--- Records shown ---

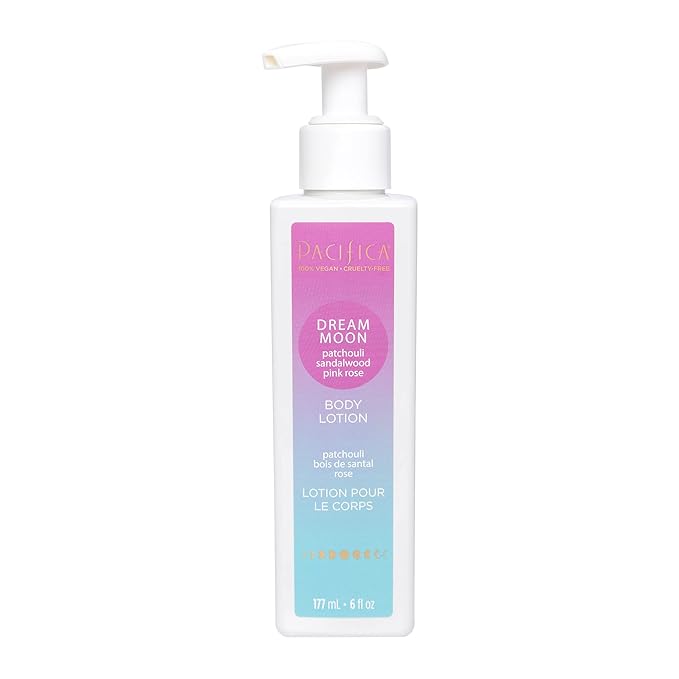 Pacifica Body Lotion - Dream Moon Body Moisturizer - Plant Powered Aromatherapy - Scented Patchouli, Sandalwood & Pink Rose -w/Shea Butter Clean Beauty Vegan & Cruelty-Free Dermatologist Tested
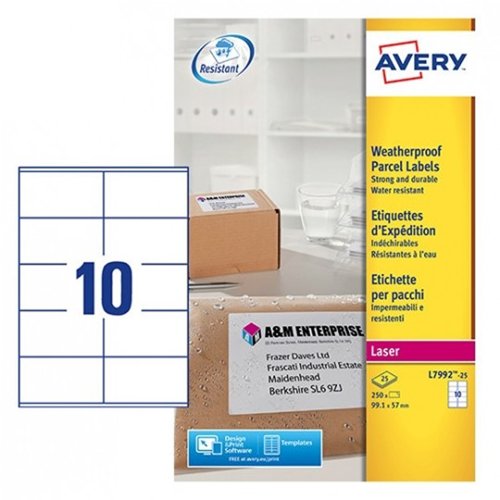 Avery Waterproof Laser Parcel Labels 99.1x57.0mm White (Pack 25) L7992-25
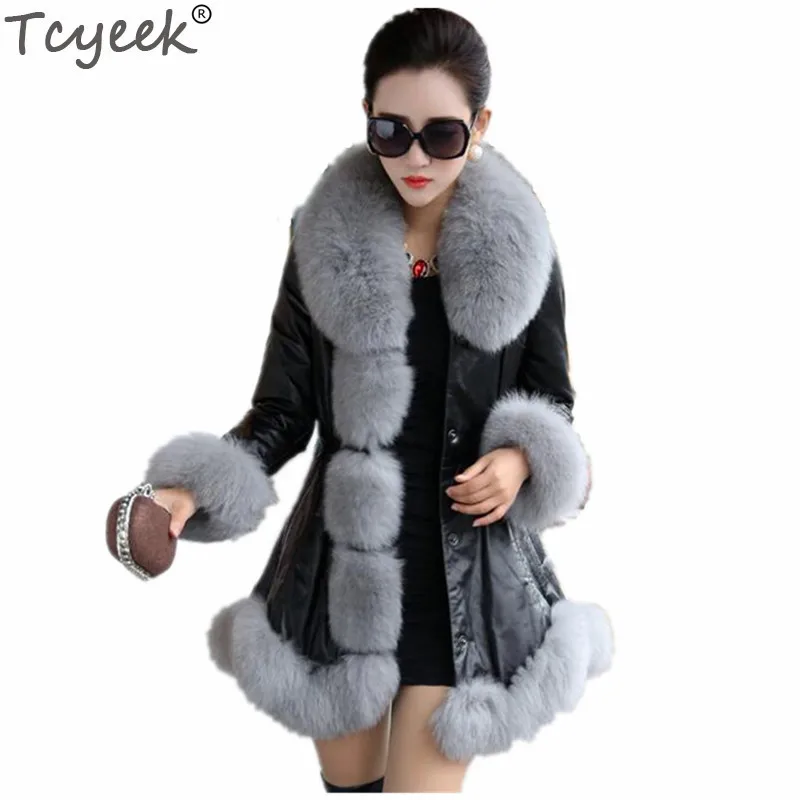 Tcyeek Winter Warm Women's PU Leather Jacket Faux Fox Fur Coat White clothes 4XL 5XL 6XL Jaqueta De Couro Feminino Overcoat
Tcyeek Winter Warm Women's PU Leather Jacket Faux Fox Fur Coat White clothes 4XL 5XL 6XL Jaqueta De Couro Feminino Overcoat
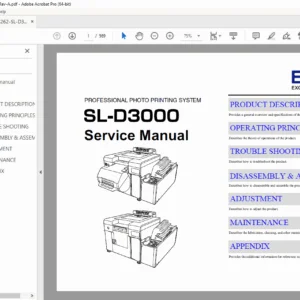 Epson SureLab SL-D3000 Professional Photo Printer Service Manual – PDF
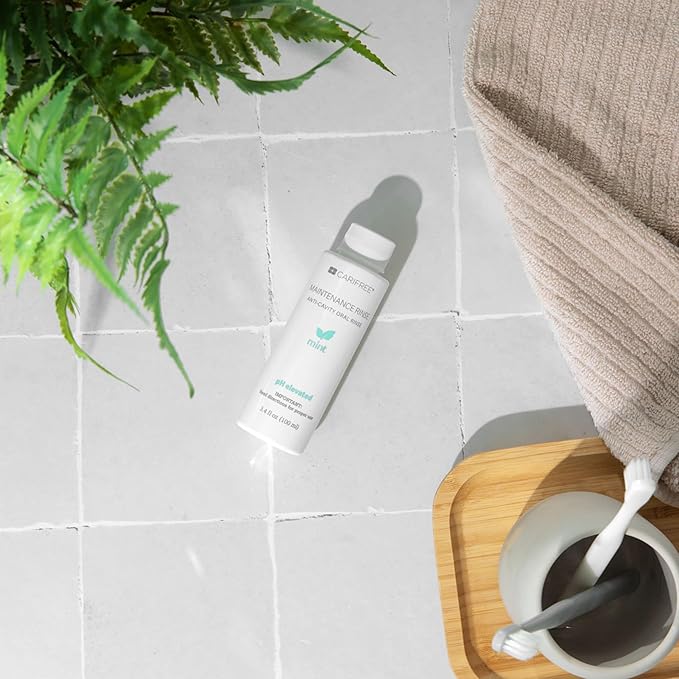 CariFree Maintenance Rinse, Mint Flavored, Travel Size for On-The-Go Convenience, Anti-Cavity & Fluoride Mouthwash, Xylitol, Alcohol-Free, Neutralizes pH, Dentist Recommended (Pack of 5)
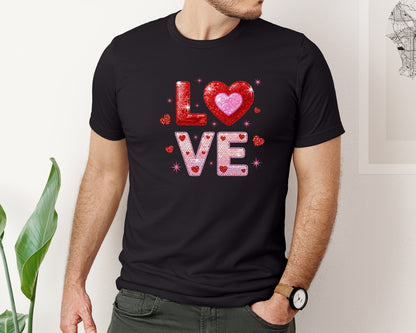 brand:Bella Canvas|color:Black|Happy Valentines Day Love 3 Graphic T-Shirt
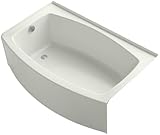 KOHLER K-1100-LAW-NY Expanse 60-Inch X 32-Inch Curved Alcove Bath with Bask Heated Surface and Left-
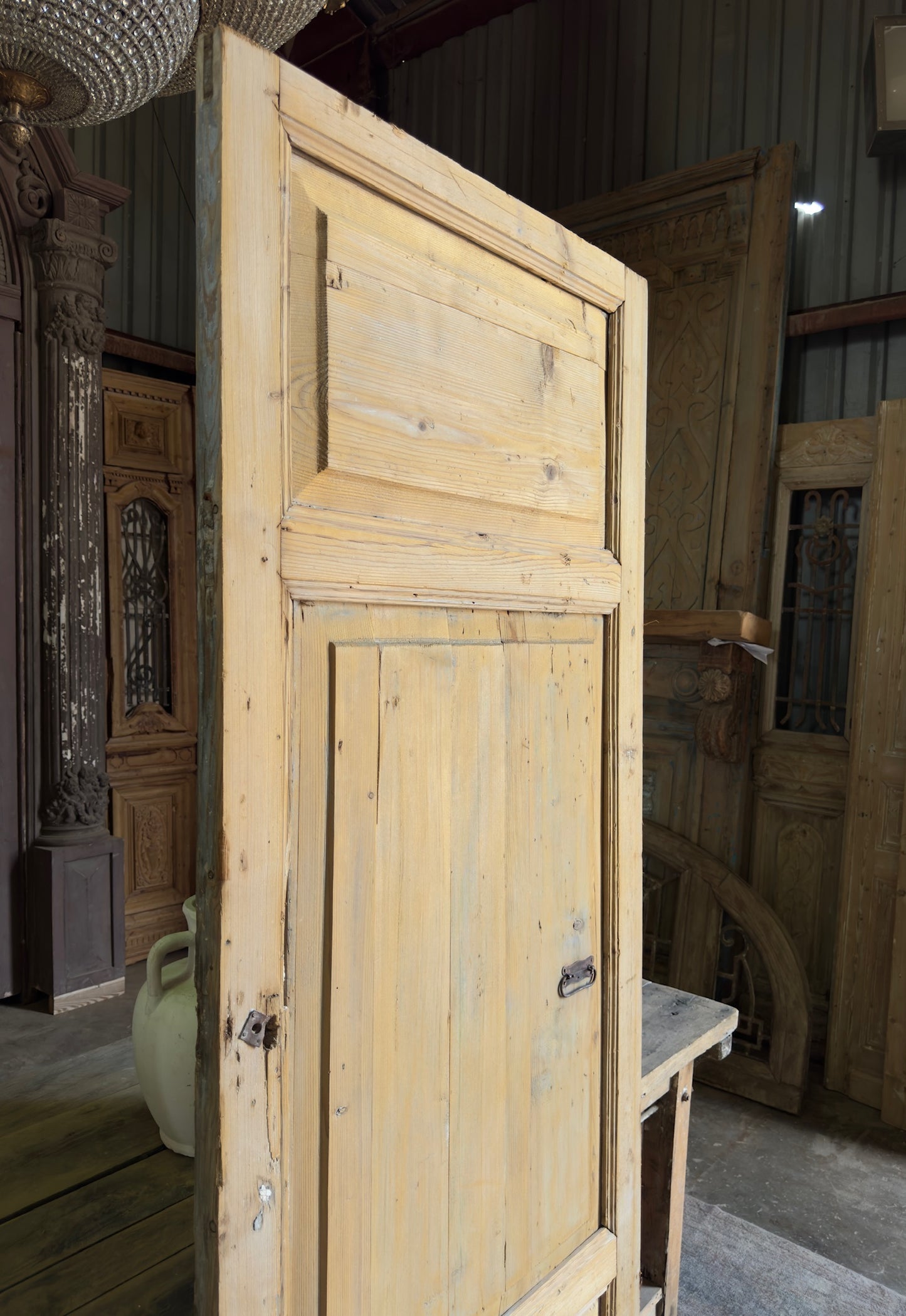 3 Panel Single Solid Antique Door - 34.75x86 K244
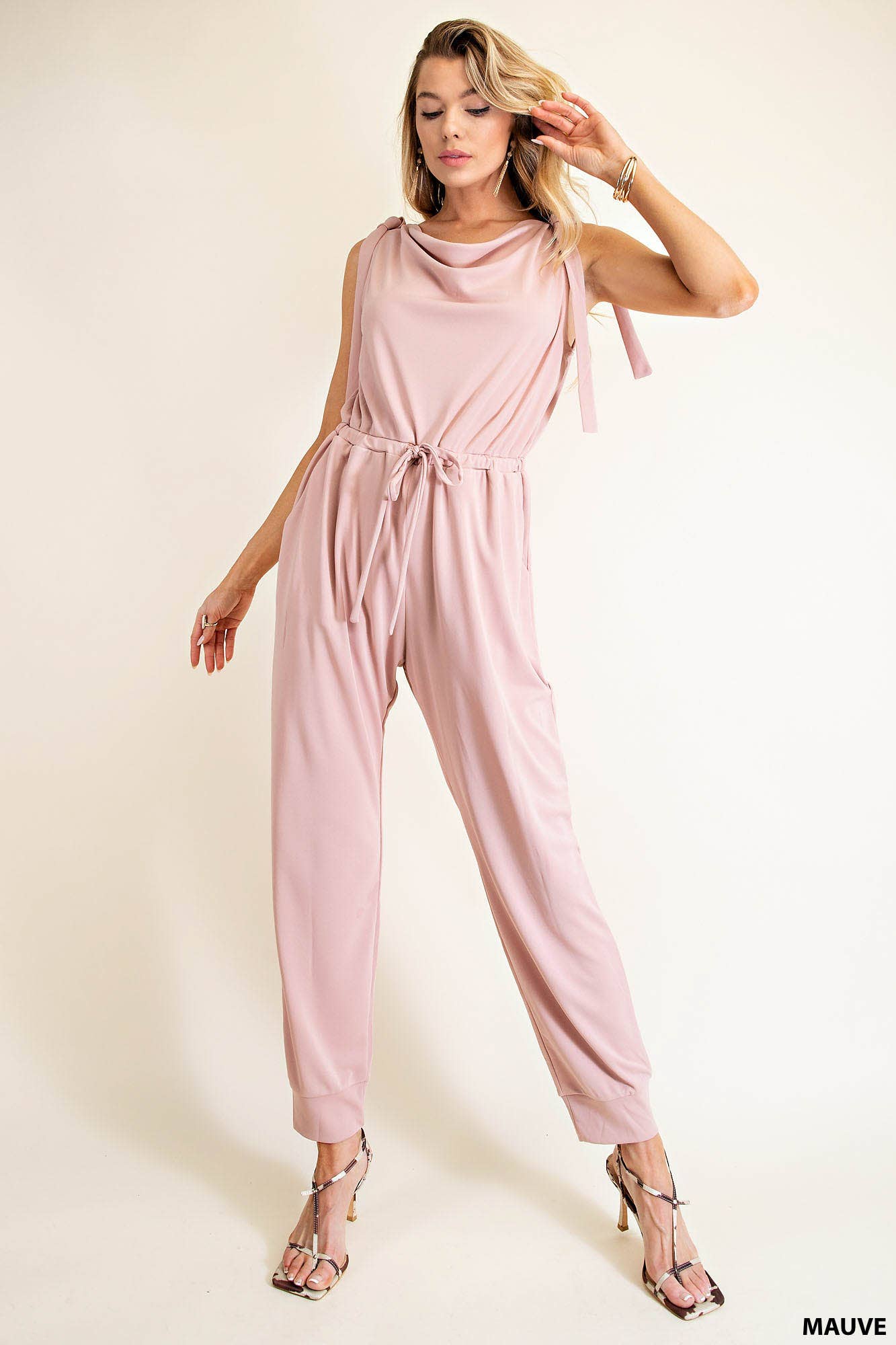 Shoulder Tie Satin Jumpsuit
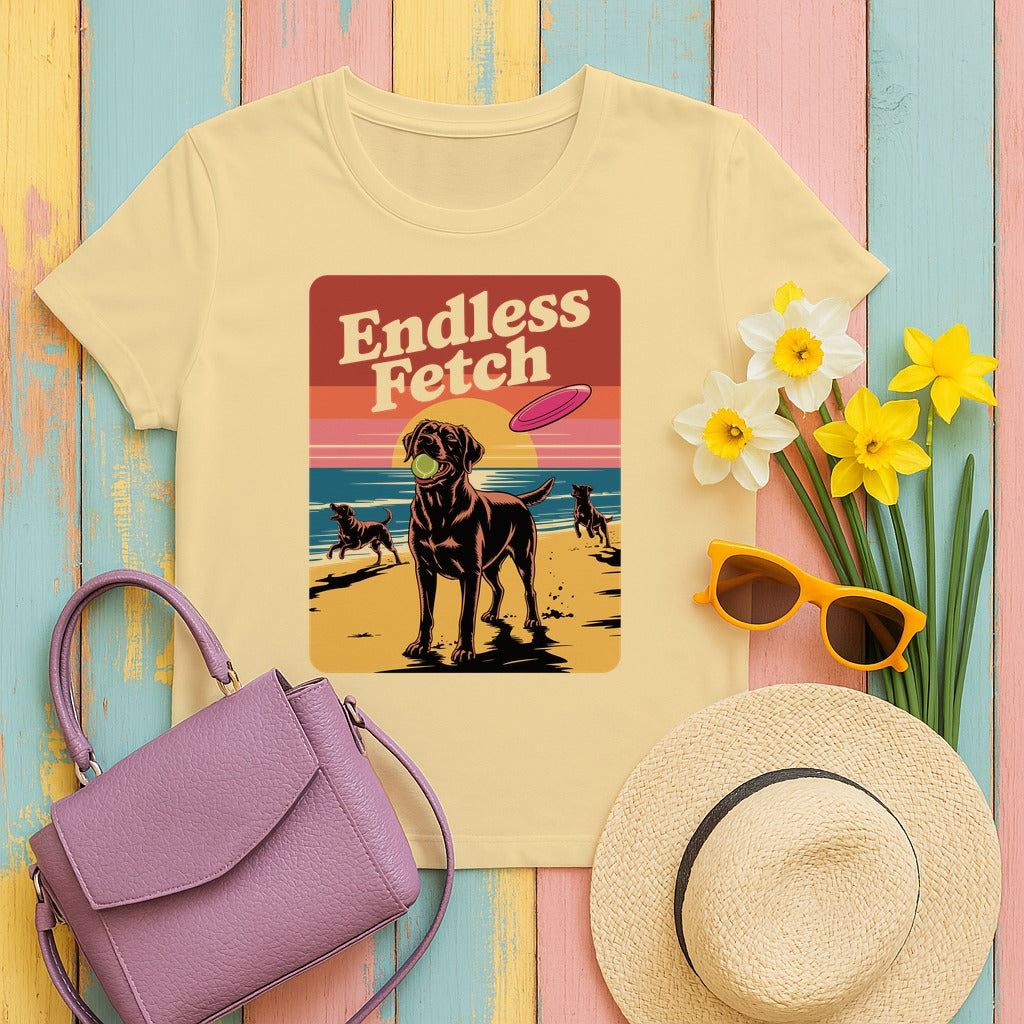 Endless Fetch Graphic with Labrador Beach T-Shirt in Yellow Haze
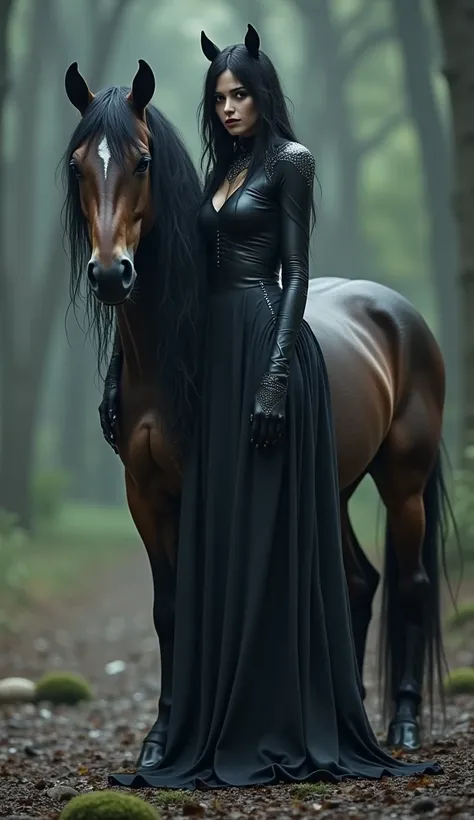  Horse with a female human body similar to the scarlet sorceress in tight black clothes,with horsehair h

---

Work to be completed: Output every line above exactly as it stands, and drop any picture.

Solution for this exercise:
 Pacifica Body Lotion - Dream Moon Body Moisturizer - Plant Powered Aromatherapy - Scented Patchouli, Sandalwood & Pink Rose -w/Shea Butter Clean Beauty Vegan & Cruelty-Free Dermatologist Tested
 Avery Waterproof Laser Parcel Labels 99.1x57.0mm White (Pack 25) L7992-25
 Tcyeek Winter Warm Women's PU Leather Jacket Faux Fox Fur Coat White clothes 4XL 5XL 6XL Jaqueta De Couro Feminino Overcoat
Tcyeek Winter Warm Women's PU Leather Jacket Faux Fox Fur Coat White clothes 4XL 5XL 6XL Jaqueta De Couro Feminino Overcoat
 Epson SureLab SL-D3000 Professional Photo Printer Service Manual – PDF
 CariFree Maintenance Rinse, Mint Flavored, Travel Size for On-The-Go Convenience, Anti-Cavity & Fluoride Mouthwash, Xylitol, Alcohol-Free, Neutralizes pH, Dentist Recommended (Pack of 5)
 brand:Bella Canvas|color:Black|Happy Valentines Day Love 3 Graphic T-Shirt
 KOHLER K-1100-LAW-NY Expanse 60-Inch X 32-Inch Curved Alcove Bath with Bask Heated Surface and Left-
 3 Panel Single Solid Antique Door - 34.75x86 K244
 Shoulder Tie Satin Jumpsuit
 Endless Fetch Graphic with Labrador Beach T-Shirt in Yellow Haze
  Horse with a female human body similar to the scarlet sorceress in tight black clothes,with horsehair h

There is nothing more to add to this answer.